You may believe that by moving the memory controller into the CPU, they should have taken a lot of load off the processor bus that is this case doesn’t have to transfer data between the CPU and the memory any more. It is partially true, but only for single-processor systems. Nehalem microarchitecture is universal, it should be used for desktop and mobile as well as server solutions. That is why Intel designed a new processor bus that could suit for multi-processor systems and provide sufficient bandwidth and scalability. Intel engineers didn’t have a choice anyway, because the traditional FSB bus cannot be used in this case. Multi-processor systems on processors with integrated memory controllers should use NUMA memory model (Non-Uniform Memory Access) and hence require direct high-speed connection between the CPUs.
To accomplish this task they built special serial interface called CSI (Common System Interface) with point-to-point topology that was later renamed to QPI (QuickPath Interconnect). On the technical side, QPI consists of two 20-bit links transferring data forward and back. 16 bit are assigned for data and the remaining 4 bits serve some auxiliary purpose: they are used by the protocol and error correction. This bus performs maximum 6.4 mln transfers per second (GT/s) and has 12.8GB/s bandwidth in each direction, or 25.6GB/s total bandwidth.

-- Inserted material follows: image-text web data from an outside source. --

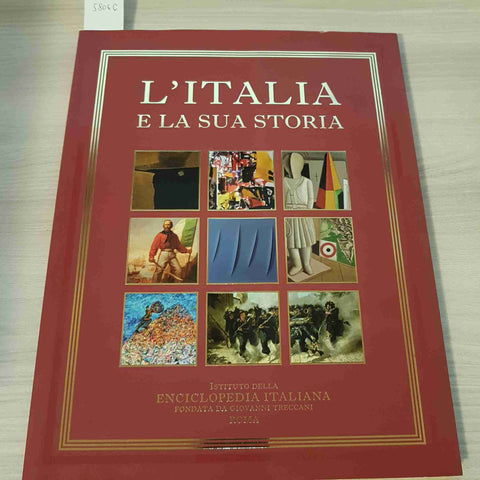 L'ITALIA E LA SUA STORIA - ENCICLOPEDIA ITALIANA TRECCANI - 2011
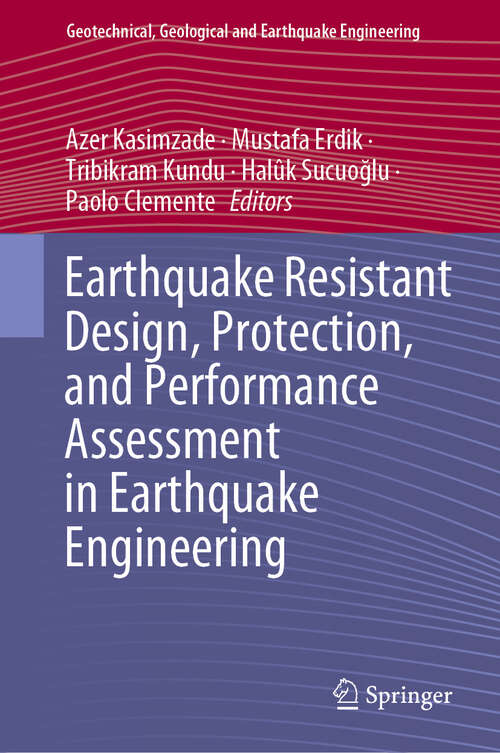 Book cover of Earthquake Resistant Design, Protection, and Performance Assessment in Earthquake Engineering (2024) (Geotechnical, Geological and Earthquake Engineering #54)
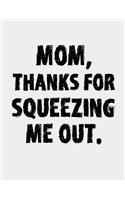 Mom, Thanks for Squeezing me out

The current bandwidth of the new QPI bus allows us to call it the fastest processor bus out there. The old Quad Pumped Bus can only reach 12.8GB/s total bandwidth at 1600MHz frequency. HyperTransport 3.0 bus similar to QPI and used in contemporary AMD processors can boast only 24GB/s peak bandwidth.

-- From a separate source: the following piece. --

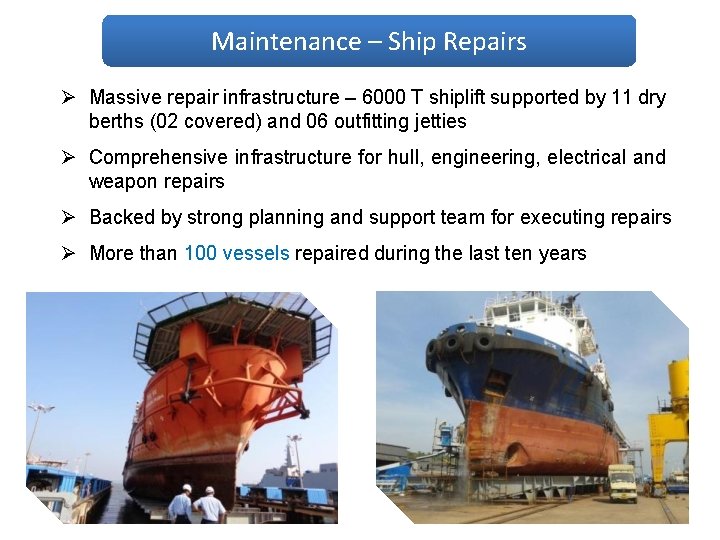 Maintenance – Ship Repairs Ø Massive repair infrastructure – 6000 T shiplift supported by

Depending on their market positioning, processors on Nehalem microarchitecture may come equipped with one or multiple QPI interfaces. As a result, each CPU in the multi-processor system may be directly connected to all other processors to reduce the latency when working with the memory connected to another controller. CPUs for single-processor desktop systems will have one QPI connecting it to the chipset.